Titus Klaxon and his Steamcats, local men who’d made the big time and beat it to LA, were playing an exclusive gig at Shea’s Lounge on Vandeventer Avenue, an event of a must-see nature. RC and Annie left their son Robbie with Clarence and Kate’s kids and let Clarence drive the four of them through a white-out winter storm and park in a vacancy whose identity and ownership (a lawn? a lot? a street?) were concealed by a foot of snow. This was the second storm in two days and still the sky was not exhausted. Passing the mute bouncer, RC watched Annie’s glasses grow foggy and blind her. She removed them and smiled, and he kissed her and squeezed her shoulders. On the darkened dais somebody was playing a fast beat on the high hat, which meant the show was nowhere close to starting. Ernie Shea, a friend of Clarence’s, ushered them all to a well-situated table and personally fetched a pitcher of Hammaker. The highhatter ceased. RC and Clarence, Kate and Annie all talked for a while about everything and nothing, like in the old days, a double date, except there hadn’t ever been old days like this. RC was ten and Annie two when Kate and Clarence married.

Soon enough Clarence walked his chair back a couple feet for a one-on-one with RC. “So, Off-sir,” he said. “How’s life?”

RC reflected. The main thing in his life right now was that he and Annie were getting squeezed out of their apartment by their landlord Sloane. There were new ordinances to keep the rent halfway reasonable, but Sloane was charging fees, doing noisy nighttime renovation in vacant apartments, and offering a tidy sum to anybody willing to move out. Already there’d been a lot of takers.

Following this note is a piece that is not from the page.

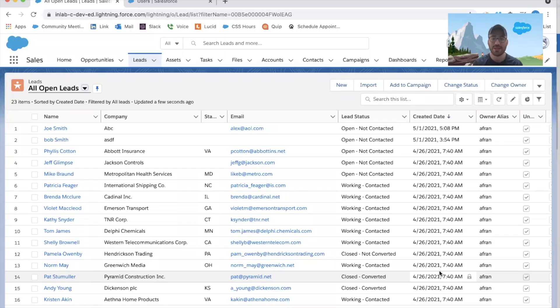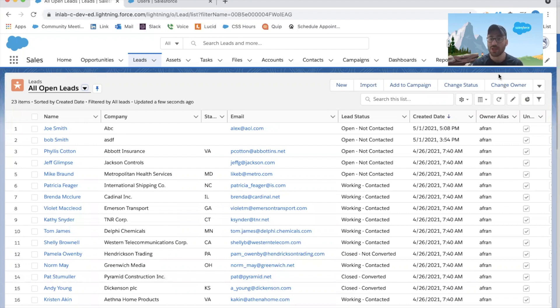That will be a huge help for the company, and we'd love to do that for other objects too, but let's start with the lead object and see if we can get it done. So we're going to go ahead and quickly dive into Salesforce and see how this functionality should work. We're on our leads tab — we can see we have 23 open leads, all of them owned by Alex Frank. Alex is leaving the group today, and when we deactivate him, we want to make sure those leads automatically get pushed to the lead assignment queue.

Clarence sniffed up a cigar and clamped down. “Not a hundred percent wonderful?” How bloodshot his eyes were was visible even in the low orange light and smoke. “What could be bad, Off-sir?”

“You interested, Clarence, or you just making fun of me?”

“I’m interested, Off-sir.”

“Then stop calling me that.” These Q&A sessions made RC nervous when Annie was right there in front of them. Clarence had an ulterior concern, as in, How’s life treating my little sister? “I’m fine,” RC said. “Except we’re getting squeezed out of our place.”

“That a fact?” Clarence puffed.

“Sloane was up on Saturday talking to Annie. He said supposedly he couldn’t afford not to.”

“Sloanes’ll be Sloanes.” Clarence’s eyes looked like it hurt for them to see. “What else is new.”

It wasn’t a question, but RC answered it. “Annie got that job, you know. I aced my communications test.”

“So you two all set to pay that nice high rent.”

RC drank his beer. The players moving at the back of the dais wore fishnet shirts and tank tops, while outside it was blizzarding to kill derelicts. It was no fun, RC thought, to hang around with a pessimist who was seeing his predictions confirmed, and that was what Clarence was, exactly that. It made RC want to apologize for the world, for all the bad things in it. He could live with the troubles and expenses of his life, but watching them match up with Clarence’s low expectations just killed him.